Most of the crew were dead. Fungus had grown on the skin stretched like drums over their skulls, their ribs, their hips.
He’d seen worse. During his mandatory service, as a teenager in the military, he’d patrolled Deccan slums. He’d seen parents eating their dead children. Pariah dogs fat as sheep roamed the streets. Cadavers, bones, skulls, were piled in front of nearly every house. The cloying carrion smell never lifted. Hollowed-out buildings housed squatters and corpses equally, darkened plains of them below fortified bunkers lit like Las Vegas, where the driving bass of party music echoed the percussion of automatic weapons and rocket grenades.
Now his stomach rebelled, but he commanded it to be still as he swallowed some olive oil. Gradually the chill in his core subsided.

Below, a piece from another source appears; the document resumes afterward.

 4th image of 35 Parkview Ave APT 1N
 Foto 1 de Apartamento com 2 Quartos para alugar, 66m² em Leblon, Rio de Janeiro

He needed to look at the sky. The ship had two telescopes: a one-meter honeycomb mirror for detail work and a wide-angle high-res CCD camera. Zoomed fully out, the camera took in about eighty degrees. Ahead was the blazing pair of Alpha Centauri A and B, to the eye more than stars but not yet suns. He’d never seen anything like them. Brighter than Venus, bright as the full moon, but such tiny disks. As he watched, the angle of them moved against the ship’s rotation.
He swept the sky, looking for landmarks. But the stars were wrong. What had happened to Orion? Mintaka had moved. The belt didn’t point to Sirius, as it should. A brilliant blue star off Orion’s left shoulder outshone Betelgeuse, and then he realized. That was Sirius. Thirty degrees from where it should be. Of course: it was eight light-years from Earth. They had come half that distance, and, like a nearby buoy seen against a far shore, it had changed position against the farther stars.
More distant stars had also shifted, but not as much. He turned to what he still absurdly thought of as “north.” The Big Dipper was there. The Little Dipper’s bowl was squashed. Past Polaris was Cassiopeia, the zigzag W, the queen’s throne. And there a new, bright star blazed above it, as if that W had grown another zag. Could it be a nova? He stared, and the stars of Cassiopeia circled this strange bright one slowly as the ship rotated. Then he knew: the strange star was Sol. Our Sun.